Web page caption snippets:
================================

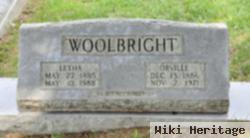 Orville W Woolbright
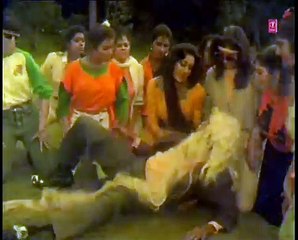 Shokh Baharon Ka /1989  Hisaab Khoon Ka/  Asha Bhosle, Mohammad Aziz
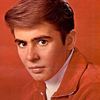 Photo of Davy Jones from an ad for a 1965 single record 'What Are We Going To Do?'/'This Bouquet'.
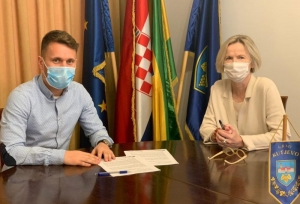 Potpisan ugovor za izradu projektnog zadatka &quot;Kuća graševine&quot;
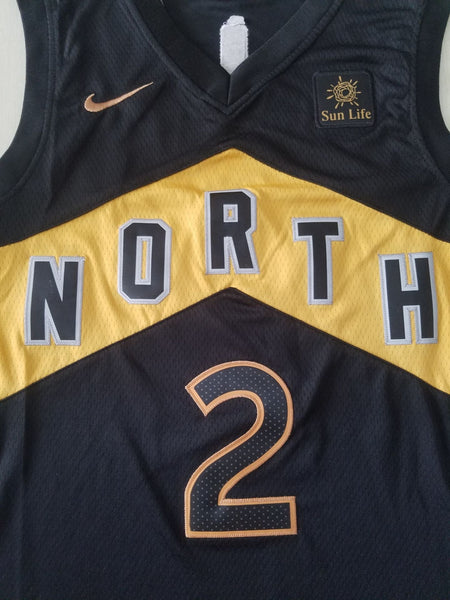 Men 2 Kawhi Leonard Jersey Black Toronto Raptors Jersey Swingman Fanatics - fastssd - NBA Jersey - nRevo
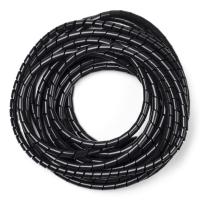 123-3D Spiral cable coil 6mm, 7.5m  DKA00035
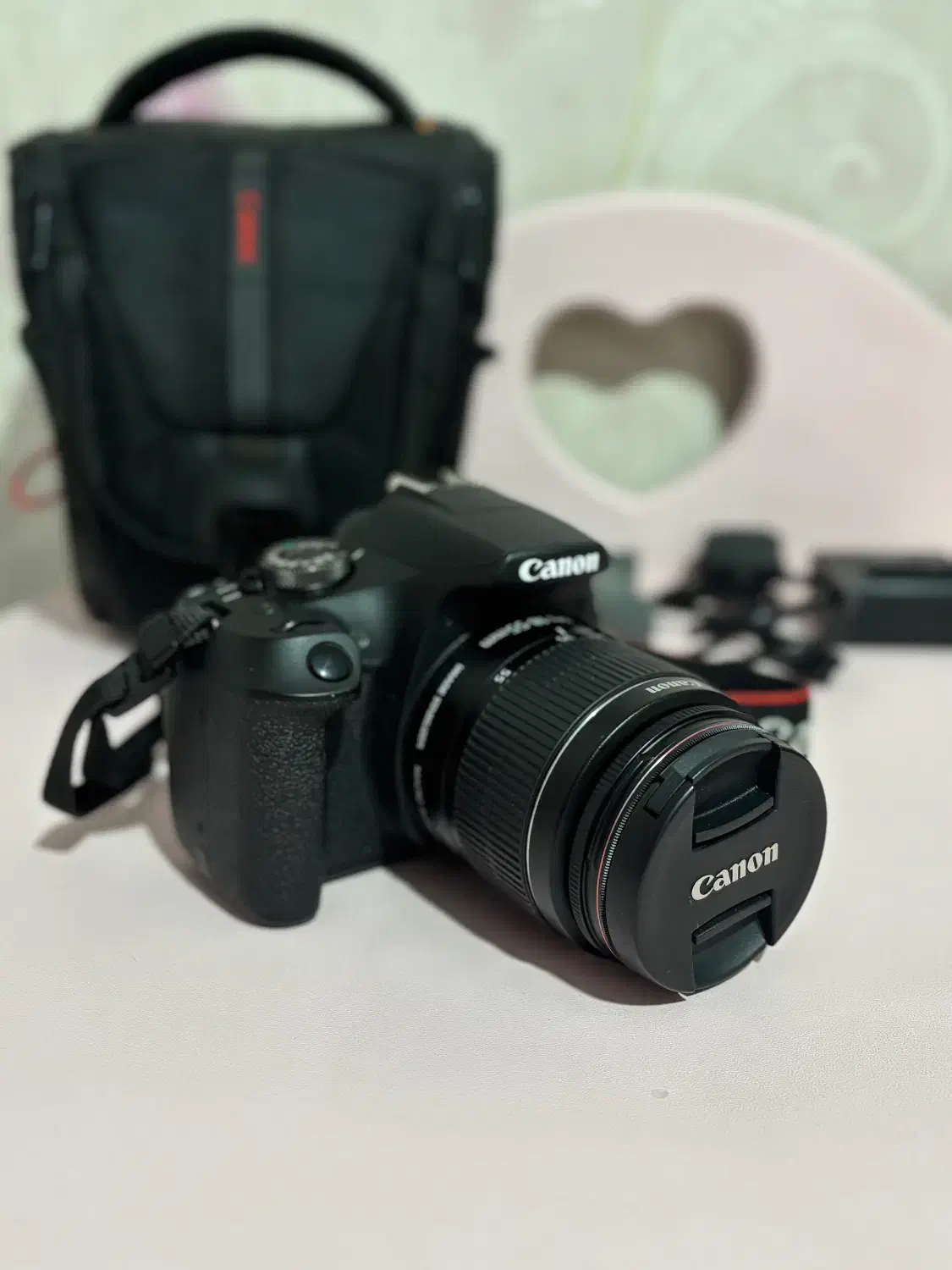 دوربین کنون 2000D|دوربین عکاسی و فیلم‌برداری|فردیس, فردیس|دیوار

================================

> _Try it_: Repeat word for word the lines starting at the one with "Men 2 Kawhi" and ending at the final line of the records above, both included; no pictures.

> _Answer to this task_:
 Men 2 Kawhi Leonard Jersey Black Toronto Raptors Jersey Swingman Fanatics - fastssd - NBA Jersey - nRevo
 123-3D Spiral cable coil 6mm, 7.5m  DKA00035
 دوربین کنون 2000D|دوربین عکاسی و فیلم‌برداری|فردیس, فردیس|دیوار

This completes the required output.